During the CTF, I contributed to the solution of baby-a-fallen-lap-ray(or, parallel-af-yan). After we solved it, I started looking at mooosl, which is a heap challenge with musl[1] libc. When I started to look at the challenge seriously, there were only 6 hours left. At the end of the CTF, I almost got everything, just needed some time to finish it off.
In fact, after the CTF, it only took me 2.5 more hours to finally get the flag. So sad.
So, in this blog, I’m going to talk about how to solve the challenge and help myself remember how musl‘s mallocng allocator works.

Challenge

This challenge is a menu-based challenge, in the typical heap challenge style. It implements a key-value storage service. User can input key/value pairs and then later query/delete the values using the keys.
A store entry is defined as follow:

struct store_t {
	void *key;
	void *value;
	ulong key_len;
	ulong val_len;
	ulong hash;
	struct store_t *next;
}

One thing worth noticing, key_len and val_len are in our control. The program allocates key_len bytes and stores the returned pointer into key. It does the same to value and val_len.

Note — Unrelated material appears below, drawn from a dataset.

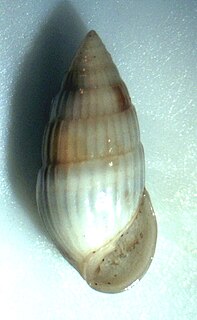 <i>Otopleura nitida</i> Species of gastropod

The program implements a standard hash table, the key will be hashed into hash. And the last 12bit of hash(or hash % 0x1000) will be used to decide the bucket in the hash table. store-s in the same bucket will be linked into a singly linked list.

The vulnerability is very straightforward, when the last store in a bucket list is deleted, it frees key, hash and itself. However, the store before the item still has a reference to the freed store, leading to UAF vulnerability.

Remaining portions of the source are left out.